As Superior Court Judge Daniel J. Craig predicted at one of the court hearings concerning Sentinel Offender Services, efforts are underway to change the law governing private probation companies.
This week, members of the Georgia House’s Public Safety and Homeland Security Committee advanced a bill that gives private, for-profit probation companies powers that Craig ruled they didn’t have under the current law.
In September, Craig ruled that two common practices – the extension of probation sentences past the original terms and electronic monitoring – are practices the state law specifically reserves for probation officers employed by the state.
Sentinel is appealing Craig’s ruling, which affects 13 civil lawsuits pending in the Superior Courts in Richmond and Columbia counties. The plaintiffs’ attorneys also have appealed Craig’s ruling that the use of private, for-profit probation companies is not in principle, unconstitutional.
“This Act is being enacted in response to the decision of the Superior Court of Richmond County in a series of cases in which the court found limitations on the use of such probation officers,” House Bill 837 reads.
While the authors contend the General Assembly didn’t intend for the law to keep certain powers from the for-profit probation firms, they aren’t waiting for the Supreme Court to decide what the law means.
The lead attorney who sued Sentinel, John B. Long, contends Sentinel has abused its ability to seek the jailing of probationers to increase corporate profits.
Private probation is big business.
Sentinel reported to its insurance company that in a single month in 2012, its profit was more than $1.8 million. About half of Sentinel’s contracts are in Georgia.
Long points to the fees Sentinel charges probationers for electronic monitoring. While the maximum fine for a misdemeanor in Georgia is $1,000, Sentinel charges a $6 daily fee for electronic monitoring and a $12 daily fee for electronic monitoring for alcohol consumption.
A probationer can pay $2,190 or $4,380, respectively, to Sentinel for a year of monitoring.
“None of those fees go to the government. This (bill) will enable a private company to collect more from the judicial system than the government collects in fines,” Long wrote by e-mail.
“More, importantly no judge or local government officials has required any disclosure about the profits made off the backs of working Georgians through this system. This bill, if passed, will lead to further abuse of the judicial system.”
In 2000, the General Assembly passed legislation that allows local governments to either create their own probation department to supervise the terms imposed for misdemeanor offenses and local ordinance violations, or contract with private, for-profit companies.
While the legislation keeps the supervision of felony probation terms under the state Department of Corrections, one of the first private probation companies hired a member of the state’s parole board to lobby legislators to remove that restriction. Bobby Whitworth, who had also served as the commission of the prison and probation system, was convicted of public corruption.

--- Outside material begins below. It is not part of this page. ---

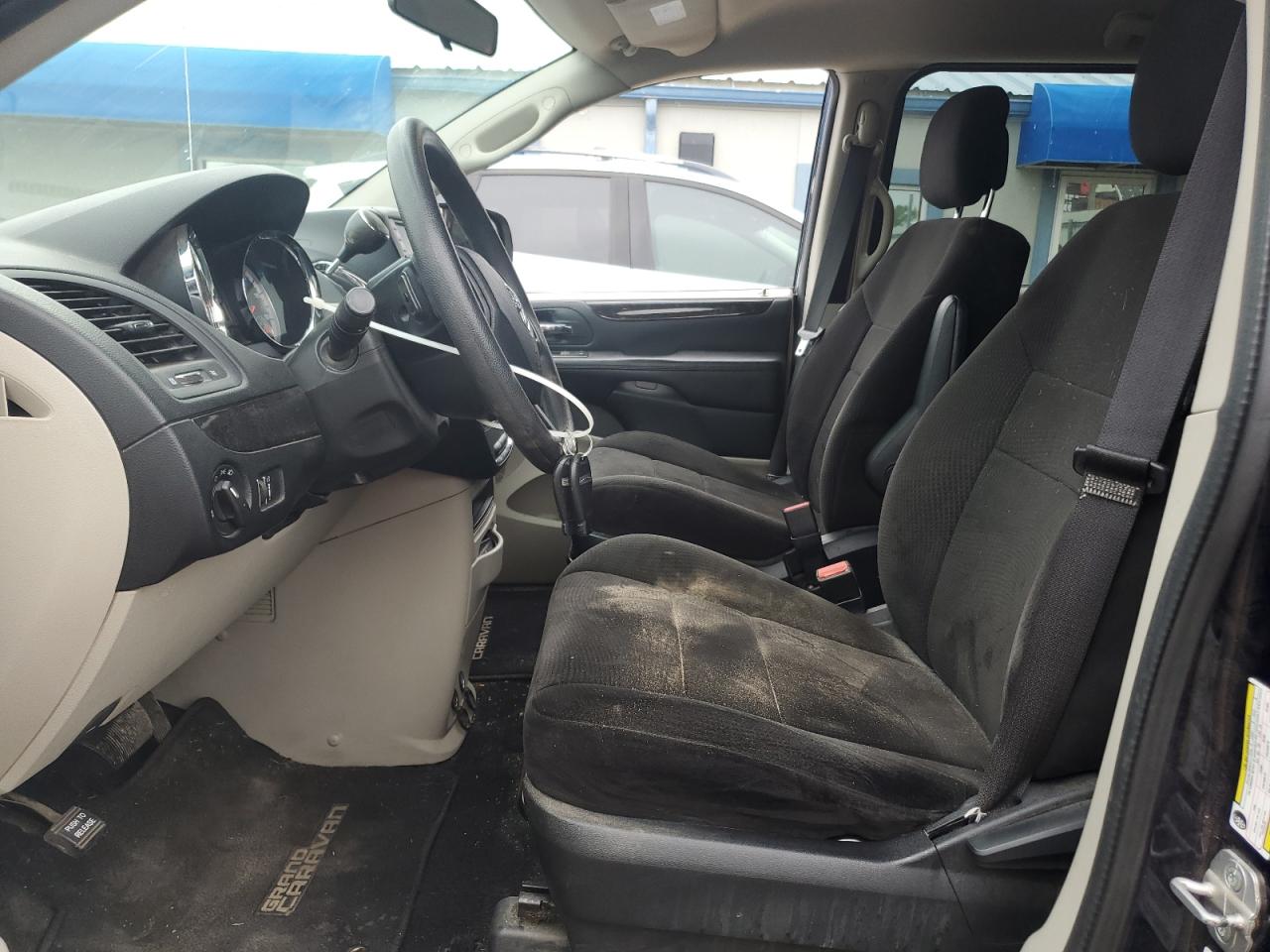 2012 Dodge Grand Caravan Se VIN: 2C4RDGBG6CR372869 Lot: 82033585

In recent years, the Private Probation Association of Georgia has hired various lobbyists in Atlanta.
The association, private probation companies and people who work in probation services have contributed more than $140,000 to state political campaigns, according to records maintained by the Georgia Government Transparency and Campaign Finance Commission.
According to the association, at the end of 2012 one in 40 Georgia residents was on misdemeanor probation.